Шрифт:
Интервал:
Закладка:
— Ну, пойдем.
— Куда? Разве ты работаешь вечером?
— Да нет же! Конечно нет. Я говорю: пошли, навестим человека, про которого ты рассказывал.
Оба надели шляпы и отправились в путь. По дороге Уилсон сообщил, что Дейвенпорт — хороший малый, хоть и чересчур привержен методизму; что дети у него еще слишком малы, чтобы работать, но не настолько малы, чтобы не понимать, что им холодно и голодно; и что семье жилось все хуже и хуже, — одну вещь закладывали следом за другой, и вот теперь они перебрались в подвал на Берри-стрит, за Стор-стрит. Бартон бурчал что-то малоприятное по адресу довольно большой части человечества. Так они дошли до Берри-стрит. Это был немощеный проулок; посредине его проходила сточная канава, так что во всех ямах и выбоинах, которыми эта улица изобиловала, стояли грязные лужи. Старинный эдинбургский окрик: «Gardez l'eau!» [107] — был бы здесь весьма уместен. Двери, мимо которых проходили Бартон и Уилсон, то и дело открывались, и хозяйки выливали в канаву всевозможные помои, которые стекали в ближайшую выбоину и гнили там, наполняя воздух зловонием. Для перехода через улицу были насыпаны кучки золы, но прохожий, хоть немного заботящийся о чистоте, старательно их обходил. Наши приятели не отличались чрезмерной разборчивостью, но и они тщательно выбирали дорогу, пока наконец не очутились у ступенек, ведущих к небольшой площадке, расположенной на такой глубине, что голова человека, стоящего на ней, находилась на фут ниже уровня улицы, и такой узкой, что он мог, не делая ни одного шага, дотронуться до окошка подвала и до его грязной, сырой стены. Но из этого колодца надо было спуститься еще на ступеньку, чтобы попасть в подвал, где жила целая семья. Внутри царил мрак. Большинство стекол в оконных переплетах было разбито, и дыры заткнуты тряпьем, так что свет даже днем не проникал сюда. Познакомившись с описанием улицы, читатель не удивится, что воздух в подвале, где жили Дейвенпорты, отличался крайним зловонием, и наши приятели едва не задохнулись, переступив порог. Однако это было им не внове, а потому они быстро оправились и, привыкнув к темноте, разглядели трех или четырех детишек, возившихся на сыром — нет, просто на мокром — кирпичном полу, мокром от проникавшей с улицы вонючей жижи; пустой очаг был черен и холоден; жена хозяина сидела на постели мужа и тоскливо всхлипывала.
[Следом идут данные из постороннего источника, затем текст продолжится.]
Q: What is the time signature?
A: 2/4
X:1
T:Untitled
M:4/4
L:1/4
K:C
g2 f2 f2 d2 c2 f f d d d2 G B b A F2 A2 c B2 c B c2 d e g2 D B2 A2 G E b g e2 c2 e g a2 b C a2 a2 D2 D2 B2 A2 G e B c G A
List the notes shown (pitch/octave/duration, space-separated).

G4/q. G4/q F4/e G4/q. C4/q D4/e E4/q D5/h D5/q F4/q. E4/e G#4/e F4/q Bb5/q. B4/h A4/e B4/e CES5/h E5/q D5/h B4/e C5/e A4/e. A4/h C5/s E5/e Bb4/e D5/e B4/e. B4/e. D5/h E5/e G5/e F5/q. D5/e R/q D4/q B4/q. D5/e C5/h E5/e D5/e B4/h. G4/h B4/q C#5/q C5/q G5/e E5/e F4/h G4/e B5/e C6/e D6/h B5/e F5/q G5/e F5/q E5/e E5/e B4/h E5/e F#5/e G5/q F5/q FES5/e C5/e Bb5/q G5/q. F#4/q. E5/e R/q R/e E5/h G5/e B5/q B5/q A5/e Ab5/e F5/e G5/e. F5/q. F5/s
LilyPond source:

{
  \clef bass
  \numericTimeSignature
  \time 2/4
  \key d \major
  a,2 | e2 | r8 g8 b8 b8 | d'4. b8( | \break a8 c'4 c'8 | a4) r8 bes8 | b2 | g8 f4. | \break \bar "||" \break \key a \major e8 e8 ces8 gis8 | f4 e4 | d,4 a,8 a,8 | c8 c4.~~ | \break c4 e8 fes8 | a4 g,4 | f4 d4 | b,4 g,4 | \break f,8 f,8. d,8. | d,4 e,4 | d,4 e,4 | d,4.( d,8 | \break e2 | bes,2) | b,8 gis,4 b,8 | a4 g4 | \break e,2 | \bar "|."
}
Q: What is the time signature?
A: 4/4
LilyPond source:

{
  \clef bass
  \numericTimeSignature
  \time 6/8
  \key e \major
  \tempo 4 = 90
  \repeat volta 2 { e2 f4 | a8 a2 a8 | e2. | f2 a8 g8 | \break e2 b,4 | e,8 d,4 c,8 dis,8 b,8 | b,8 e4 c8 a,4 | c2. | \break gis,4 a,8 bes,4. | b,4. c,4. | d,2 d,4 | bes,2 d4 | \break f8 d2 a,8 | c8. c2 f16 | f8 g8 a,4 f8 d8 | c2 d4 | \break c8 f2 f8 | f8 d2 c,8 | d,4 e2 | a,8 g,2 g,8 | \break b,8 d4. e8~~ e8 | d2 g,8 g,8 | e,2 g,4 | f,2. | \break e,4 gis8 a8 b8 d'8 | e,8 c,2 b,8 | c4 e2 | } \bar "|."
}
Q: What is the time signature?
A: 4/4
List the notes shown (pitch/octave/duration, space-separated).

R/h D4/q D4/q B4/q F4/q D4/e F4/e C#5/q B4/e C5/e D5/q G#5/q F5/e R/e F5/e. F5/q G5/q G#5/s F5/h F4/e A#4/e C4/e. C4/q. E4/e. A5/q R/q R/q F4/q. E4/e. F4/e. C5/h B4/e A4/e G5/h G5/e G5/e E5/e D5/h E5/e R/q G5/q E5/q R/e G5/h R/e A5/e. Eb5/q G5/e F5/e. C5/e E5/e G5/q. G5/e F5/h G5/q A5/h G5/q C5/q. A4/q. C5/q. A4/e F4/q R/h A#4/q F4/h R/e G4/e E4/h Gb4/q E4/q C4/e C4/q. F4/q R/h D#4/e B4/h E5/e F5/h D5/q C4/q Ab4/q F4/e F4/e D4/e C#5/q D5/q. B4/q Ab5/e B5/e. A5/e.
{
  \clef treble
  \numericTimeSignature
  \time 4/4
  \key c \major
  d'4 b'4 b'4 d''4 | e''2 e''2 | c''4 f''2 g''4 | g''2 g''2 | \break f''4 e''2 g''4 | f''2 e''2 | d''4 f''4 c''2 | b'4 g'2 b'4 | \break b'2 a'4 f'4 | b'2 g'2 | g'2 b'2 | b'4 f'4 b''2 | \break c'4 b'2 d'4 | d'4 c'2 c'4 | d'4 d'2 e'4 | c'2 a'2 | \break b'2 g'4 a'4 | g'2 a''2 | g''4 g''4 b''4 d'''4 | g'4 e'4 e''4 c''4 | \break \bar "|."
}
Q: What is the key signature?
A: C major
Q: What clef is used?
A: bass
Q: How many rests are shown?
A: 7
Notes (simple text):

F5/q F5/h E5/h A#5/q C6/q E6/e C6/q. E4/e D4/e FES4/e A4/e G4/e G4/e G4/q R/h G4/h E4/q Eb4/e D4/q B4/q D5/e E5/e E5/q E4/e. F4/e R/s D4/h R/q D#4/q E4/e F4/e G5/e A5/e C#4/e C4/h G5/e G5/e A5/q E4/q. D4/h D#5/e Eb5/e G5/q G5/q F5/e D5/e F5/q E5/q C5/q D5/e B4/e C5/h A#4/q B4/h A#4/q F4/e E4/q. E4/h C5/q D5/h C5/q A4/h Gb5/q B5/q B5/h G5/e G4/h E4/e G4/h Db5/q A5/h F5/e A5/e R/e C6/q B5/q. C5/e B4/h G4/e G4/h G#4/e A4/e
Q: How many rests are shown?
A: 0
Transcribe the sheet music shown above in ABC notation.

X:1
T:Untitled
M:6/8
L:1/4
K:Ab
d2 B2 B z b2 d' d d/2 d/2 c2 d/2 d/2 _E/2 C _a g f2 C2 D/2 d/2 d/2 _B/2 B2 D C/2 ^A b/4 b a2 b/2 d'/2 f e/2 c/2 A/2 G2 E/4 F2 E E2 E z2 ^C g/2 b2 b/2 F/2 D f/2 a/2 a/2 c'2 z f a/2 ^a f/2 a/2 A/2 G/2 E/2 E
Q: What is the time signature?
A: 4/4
— Видите, хозяюшка, вот я и вернулся. А ну, детишки, перестаньте шуметь и не просите у матери хлеба: мой знакомый принес вам кое-что.
В сумеречном свете, который для человека непривычного показался бы кромешной тьмой, детишки сгрудились вокруг Бартона и чуть не вырвали у него из рук еду. Довольно большая краюха исчезла в одно мгновение.
— Надо как-то им помочь, — сказал Бартон Уилсону. — Ты побудь здесь, а я вернусь через полчаса.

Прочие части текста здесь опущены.